ABOUT THIS TASK
Scan the records for the string "High"; copy each line where it occurs.

Dataset items
────────────────────────────────────────

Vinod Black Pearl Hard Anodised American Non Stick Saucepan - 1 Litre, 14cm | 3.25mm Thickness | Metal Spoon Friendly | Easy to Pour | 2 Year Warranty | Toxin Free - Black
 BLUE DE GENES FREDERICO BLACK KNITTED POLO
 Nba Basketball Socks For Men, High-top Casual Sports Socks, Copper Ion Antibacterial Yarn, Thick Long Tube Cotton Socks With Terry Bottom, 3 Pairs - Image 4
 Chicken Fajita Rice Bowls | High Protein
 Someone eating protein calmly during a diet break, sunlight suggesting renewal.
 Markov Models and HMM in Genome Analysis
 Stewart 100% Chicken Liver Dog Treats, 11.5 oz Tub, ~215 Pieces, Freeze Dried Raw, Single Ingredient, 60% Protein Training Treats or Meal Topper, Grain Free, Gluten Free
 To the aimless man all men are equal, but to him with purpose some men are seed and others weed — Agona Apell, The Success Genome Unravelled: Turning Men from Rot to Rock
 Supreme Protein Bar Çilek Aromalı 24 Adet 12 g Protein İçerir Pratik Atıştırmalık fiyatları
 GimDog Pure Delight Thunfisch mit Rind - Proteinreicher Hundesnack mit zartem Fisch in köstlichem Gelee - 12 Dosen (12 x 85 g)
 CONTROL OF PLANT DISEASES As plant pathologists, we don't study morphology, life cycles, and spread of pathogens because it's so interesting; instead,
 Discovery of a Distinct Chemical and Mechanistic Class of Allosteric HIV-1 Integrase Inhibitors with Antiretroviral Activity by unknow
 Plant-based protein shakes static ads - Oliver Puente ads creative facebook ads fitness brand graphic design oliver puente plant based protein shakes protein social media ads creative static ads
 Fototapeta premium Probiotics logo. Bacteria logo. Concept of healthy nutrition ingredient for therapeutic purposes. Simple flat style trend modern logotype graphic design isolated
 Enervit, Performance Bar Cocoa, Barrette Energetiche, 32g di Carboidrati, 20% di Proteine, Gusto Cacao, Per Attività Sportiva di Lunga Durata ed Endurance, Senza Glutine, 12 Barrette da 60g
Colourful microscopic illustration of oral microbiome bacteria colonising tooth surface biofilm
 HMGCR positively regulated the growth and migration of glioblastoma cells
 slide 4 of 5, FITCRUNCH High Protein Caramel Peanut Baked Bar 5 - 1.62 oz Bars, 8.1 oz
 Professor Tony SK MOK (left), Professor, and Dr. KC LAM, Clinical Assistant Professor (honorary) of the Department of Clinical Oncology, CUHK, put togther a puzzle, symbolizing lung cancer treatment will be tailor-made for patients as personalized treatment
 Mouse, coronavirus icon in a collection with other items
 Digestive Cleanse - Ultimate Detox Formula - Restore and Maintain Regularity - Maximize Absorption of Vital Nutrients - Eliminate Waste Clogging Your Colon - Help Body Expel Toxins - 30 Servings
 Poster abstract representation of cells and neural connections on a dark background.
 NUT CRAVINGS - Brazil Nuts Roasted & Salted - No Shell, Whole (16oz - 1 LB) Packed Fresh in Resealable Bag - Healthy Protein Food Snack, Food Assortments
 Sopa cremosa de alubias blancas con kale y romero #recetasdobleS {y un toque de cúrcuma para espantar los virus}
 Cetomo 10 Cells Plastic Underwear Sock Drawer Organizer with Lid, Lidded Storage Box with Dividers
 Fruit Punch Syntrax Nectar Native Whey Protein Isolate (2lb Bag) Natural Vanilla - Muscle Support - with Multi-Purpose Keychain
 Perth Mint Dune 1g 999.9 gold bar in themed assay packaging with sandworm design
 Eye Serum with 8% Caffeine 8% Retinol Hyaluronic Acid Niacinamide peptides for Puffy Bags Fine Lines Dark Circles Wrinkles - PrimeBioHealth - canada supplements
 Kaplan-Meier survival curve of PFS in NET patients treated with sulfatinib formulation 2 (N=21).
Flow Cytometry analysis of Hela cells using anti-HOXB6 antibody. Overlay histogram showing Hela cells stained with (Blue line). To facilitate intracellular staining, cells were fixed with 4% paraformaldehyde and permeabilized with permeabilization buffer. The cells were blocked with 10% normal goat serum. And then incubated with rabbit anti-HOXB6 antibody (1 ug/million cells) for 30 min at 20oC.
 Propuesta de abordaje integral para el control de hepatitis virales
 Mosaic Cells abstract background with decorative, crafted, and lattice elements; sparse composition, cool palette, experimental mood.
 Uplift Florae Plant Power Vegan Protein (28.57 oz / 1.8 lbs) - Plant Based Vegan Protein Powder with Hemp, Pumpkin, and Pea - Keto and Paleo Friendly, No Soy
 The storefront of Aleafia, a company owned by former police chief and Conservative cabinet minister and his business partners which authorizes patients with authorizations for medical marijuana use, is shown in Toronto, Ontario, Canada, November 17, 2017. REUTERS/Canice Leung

────────────────────────────────────────

RESULT
 Nba Basketball Socks For Men, High-top Casual Sports Socks, Copper Ion Antibacterial Yarn, Thick Long Tube Cotton Socks With Terry Bottom, 3 Pairs - Image 4
 Chicken Fajita Rice Bowls | High Protein
 slide 4 of 5, FITCRUNCH High Protein Caramel Peanut Baked Bar 5 - 1.62 oz Bars, 8.1 oz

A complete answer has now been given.